The UK’s trade minister has reportedly threatened to impose tariffs on US goods if Trump-era steel duties are not canned.
Trade minister Anne-Marie Trevelyan told US representatives that London is prepared to increase existing retaliatory duties on high-profile US goods including whiskey, cosmetics and clothing the FT first reported.
The US dropped the Trump-era tariffs on steel and aluminium imported from the EU in October, however US President Joe Biden continues to impose tariffs on UK exports.
“We don’t want to use countervailing measures, but we’re getting a lot of pressure domestically to say that this is unfair,” a senior UK official told the FT, referring to the US tariffs on UK steel and aluminium imports which date back to 2018.
A public consultation last year also identified US Lobsters, grapes, chocolate, orange juice and electric motors as possible candidates for higher tariffs.
Trevelyan is meeting her US counterpart Katherine Tai and US commerce secretary Gina Raimondo during a three-day trip to America this week.

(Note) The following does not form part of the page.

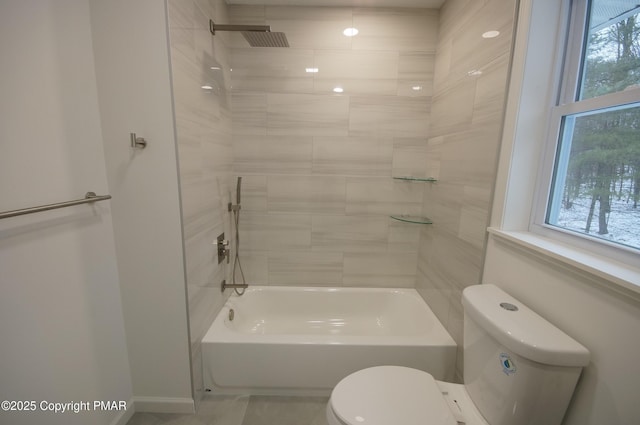 full bathroom featuring bathtub / shower combination, toilet, and a healthy amount of sunlight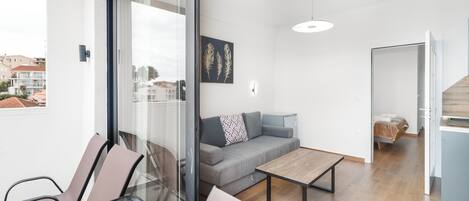 A modern apartment with a glass door leading to a balcony, a grey sofa, a wooden coffee table, and a bed in the adjacent room.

Speaking before the engagement, Trevelyan was confident that relations are amicable: “From Teesside to Tulsa, there are huge opportunities to deepen the trading links benefiting communities on both sides of the Atlantic.
“We’ve already made strong progress; from getting British beef and lamb back on US plates, to lowering the cost of Scotch Whisky exports by addressing the long-running Airbus-Boeing issue. Now is the time to hit the ground running and get on with boosting ties with our closest ally.”